[drupal-devel] [bug] Prevent browser page caching of dynamic content
mathias
drupal-devel at drupal.org
Fri Mar 11 04:52:41 UTC 2005
Issue status update for http://drupal.org/node/5900
Project: Drupal
Version: cvs
-Component: user system
+Component: other
Category: bug reports
Priority: critical
Assigned to: mathias
Reported by: christianlong at christianlong.com
Updated by: mathias
Status: patch
Attachment: http://drupal.org/files/issues/control-browser-caching_1.patch (698 bytes)
I figured it out.
Let's assume for a moment that we're using Drupal caching and the cache
table is empty. A page is requested and the browser and Drupal both
cache it. On the next request Drupal pulls the page from its cache and
all of a sudden the browser sees a different set of headers sent for
the same page (such as an etag and gzip header), so another HTTP 200
response is invoked. Finally on the third request for the same page,
everything lines up and a HTTP 304 is emitted, saving valuable
bandwidth. This is true for subsequent requests until the Drupal cache
is cleared.
The caching problem is a result of some browsers getting confused
between the first and second requests for the same page. Sending 304s
for a page that has multiple cached copies confuses the heck out of
some browsers. In the case of Safari, it tries to resolve this by
displaying the most recent copy it has (even if the server told it not
to cache that copy). Other browsers just show their last known
cacheable copy which is still wrong.
The solution is to explicitly tell the browser when to cache a page
that will be 304'd later on. In Drupal talk, this means the browser
shouldn't cache a request that isn't also in the Drupal cache table.
In the above example this would be the first request.
mathias
Previous comments:
------------------------------------------------------------------------
February 16, 2004 - 14:44 : christianlong at christianlong.com
Attachment: http://drupal.org/files/issues/f_040214_01.txt (6.33 KB)
This bug has been discussed before, but not resolved.
http://drupal.org/node/view/1740
http://drupal.org/node/view/5686
One suggestion was to change the browser settings. That means I have
to tell all my users to change their browser cache settings. Not a
great way to run a site.
Instead, the login should just work with default browser settings.
Currently, login does not work, as described below.
I log in to my drupal site, feingold.christianlong.com, and the
logged-in home page appears, with my user name.

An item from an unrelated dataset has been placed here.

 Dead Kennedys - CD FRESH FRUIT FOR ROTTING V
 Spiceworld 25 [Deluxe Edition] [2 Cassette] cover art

OK.
The address bar shows
http://feingold.christianlong.com/node?PHPSESSID=867c4e2d57d290a3f59e1385249b7545
In the site menu, the "Home" link links to
http://feingold.christianlong.com/
Here's the problem: when I click on the "Home" link, the browser takes
me to the un-logged-in version of http://feingold.christianlong.com/,
which was cached when I was not logged in.
When I hit refresh, I do get the logged-in version of the page.
So, to restate
Start at home page of site, not logged in
Log in - this works, and brings up a logged-in version of the page
Click "Home" - this is where the problem is. I get the cached version
of the home page (from when I was not logged in)
Refresh browser - now I see the correct, logged-in version of the home
page.
It looks like I am logging in OK, but that Drupal is not telling my
browser that there is a new version of the home page that it needs to
check for
Maybe the original (non-logged-in) version of the page is not marked
for no-cache, and so when I click on the "Home" link, I get the cached
(non-logged-in) version
Browsers: MSIE 6 (happens a lot) and Firebird (happens sometimes).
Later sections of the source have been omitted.